Bases: gym.core.Wrapper

A wrapper class to handle multiple environments.

This wrapper adds an integer ‘task_id’ to env_info every timestep.

Parameters:

envs (list(gym.Env)) – A list of objects implementing gym.Env.
sample_strategy (function(int, int)) – Sample strategy to be used when sampling a new task.
mode (str) –
A string from ‘vanilla`, ‘add-onehot’ and ‘del-onehot’. The type of observation to use. - ‘vanilla’ provides the observation as it is.

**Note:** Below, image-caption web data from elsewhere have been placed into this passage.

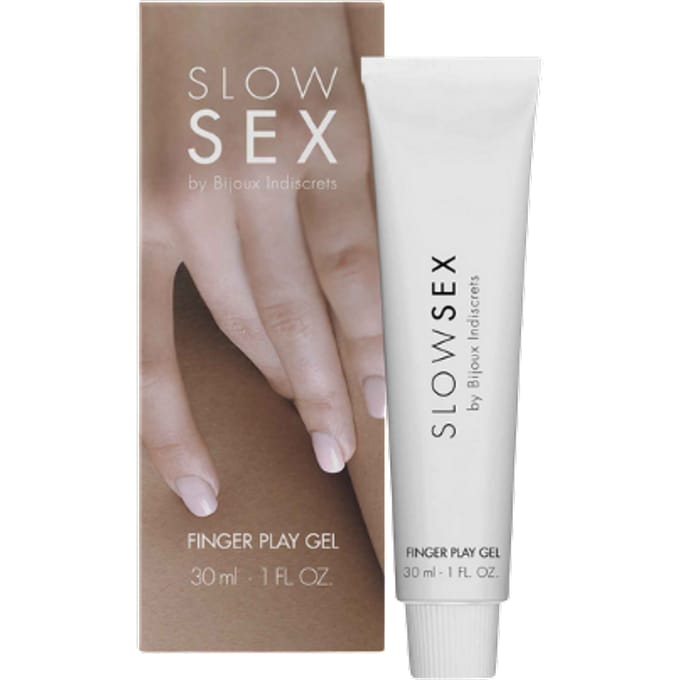 Slow Sex van Bijoux Vinger Play Gel - 30 ml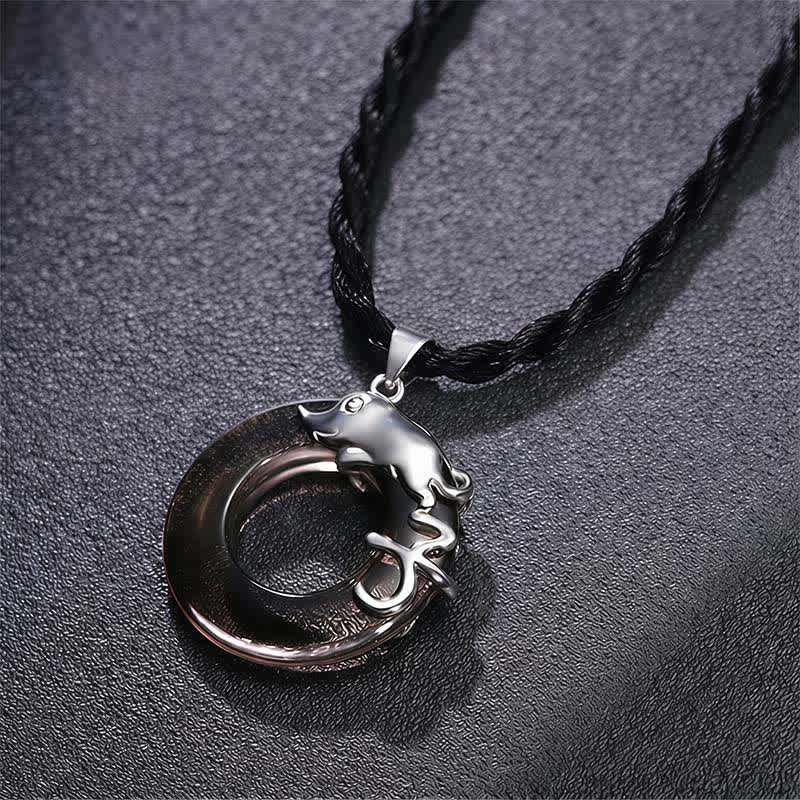 Buddha Stones Collier pendentif porte-bonheur avec boucle de la paix du zodiaque chinois - image 3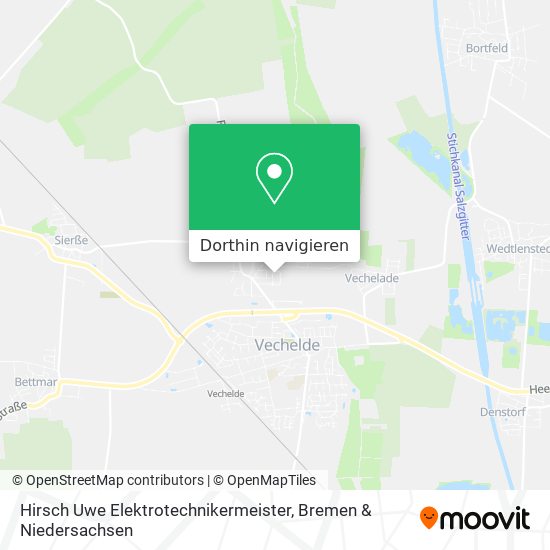 Hirsch Uwe Elektrotechnikermeister Karte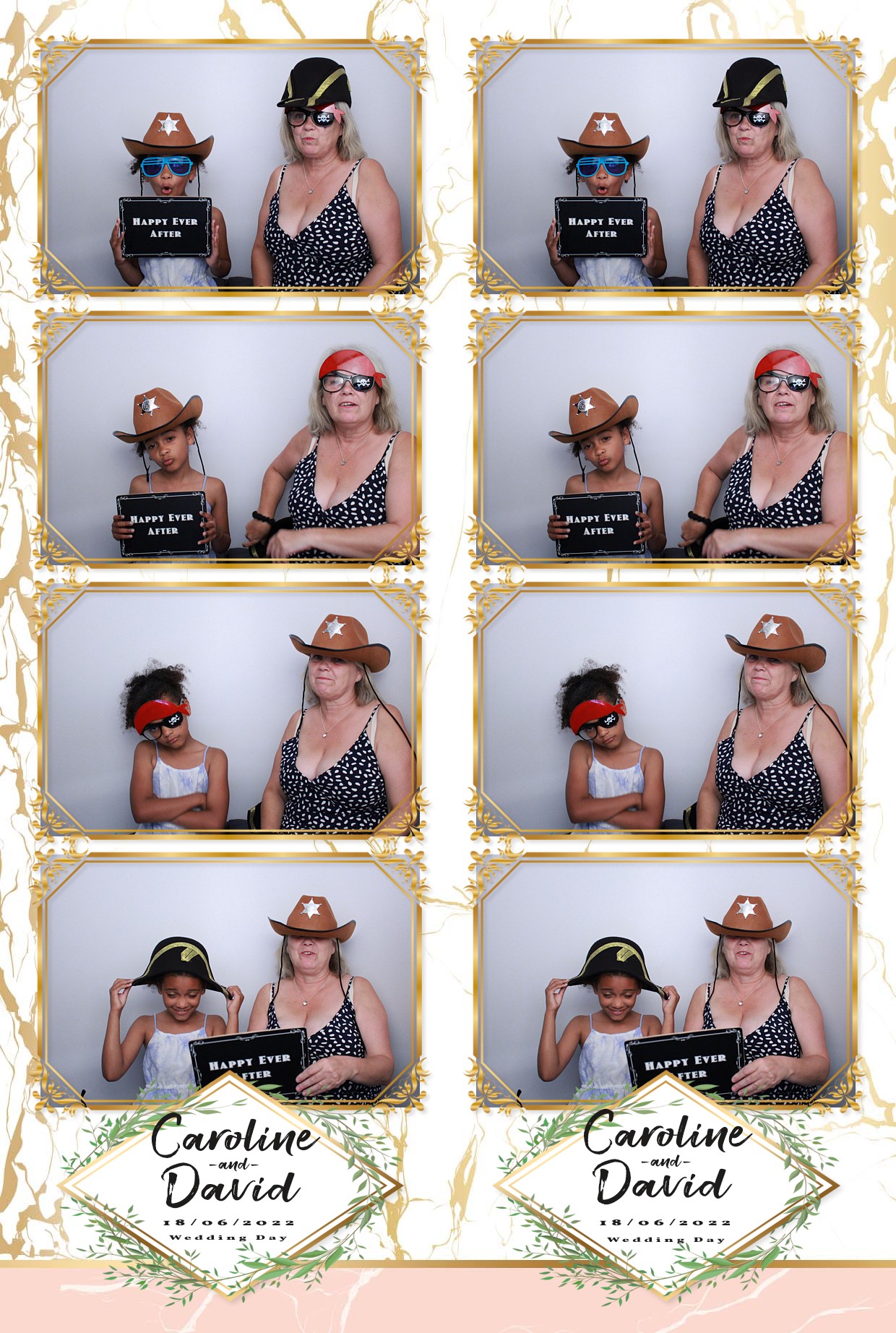 Caz & Dave's Wedding Reception  | View more photos from the event at gallery.myphotoboothexperience.co.uk/u/MyPhotoBoothExperienceLtd/Caz-Daves-Wedding-Reception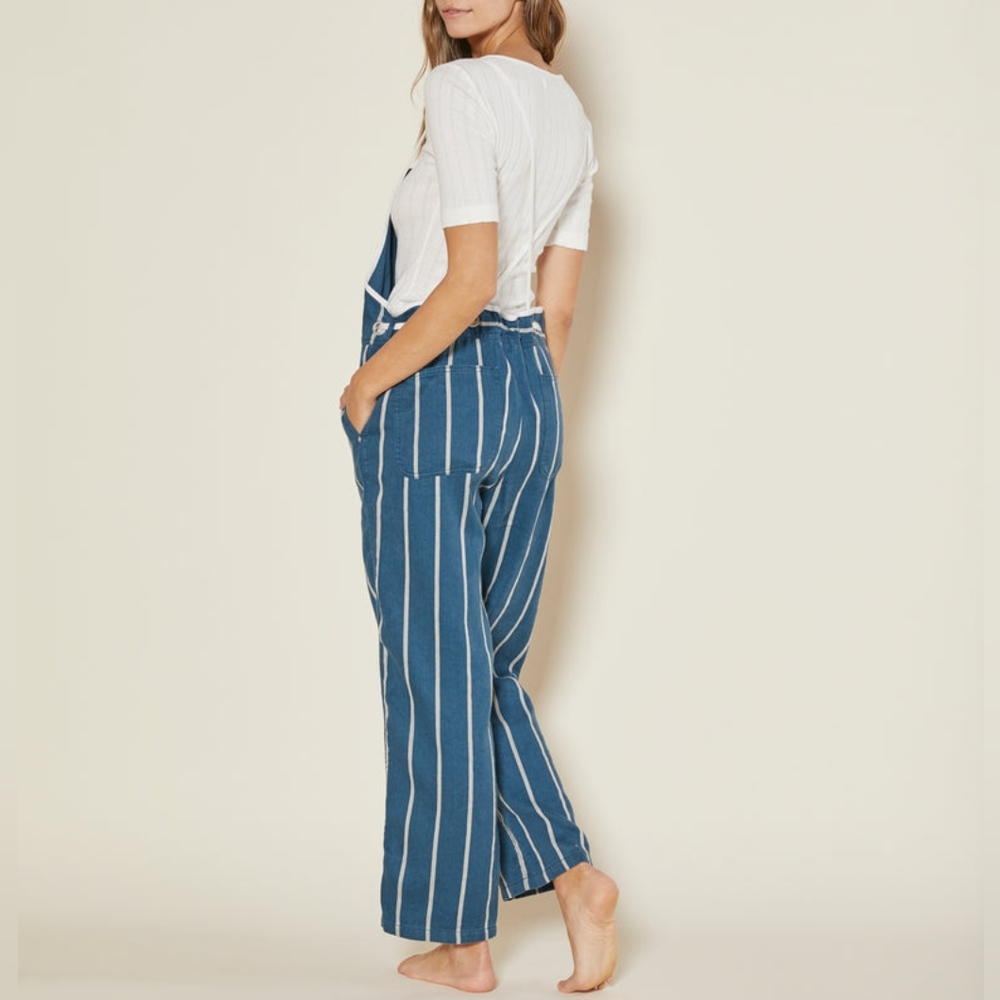 NWT OUTERKNOWN | Topanga Striped Overalls - Picture 3 of 5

Use case: metaworld environments with MT* algorithms,

gym environments with Task Embedding.
- ’add-onehot’ will append an one-hot task id to observation. Use case: gym environments with MT* algorithms.
- ’del-onehot’ assumes an one-hot task id is appended to observation, and it excludes that. Use case: metaworld environments with Task Embedding.
env_names (list(str)) – The names of the environments corresponding to envs. The index of an env_name must correspond to the index of the corresponding env in envs. An env_name in env_names must be unique.

active_task_index¶

Index of active task env.

Returns:	Index of active task.
Return type:	int

num_tasks¶

Total number of tasks.

Returns:	number of tasks.
Return type:	int

observation_space¶

Observation space.

Returns:	Observation space.
Return type:	akro.Box

reset(**kwargs)[source]¶

Sample new task and call reset on new task env.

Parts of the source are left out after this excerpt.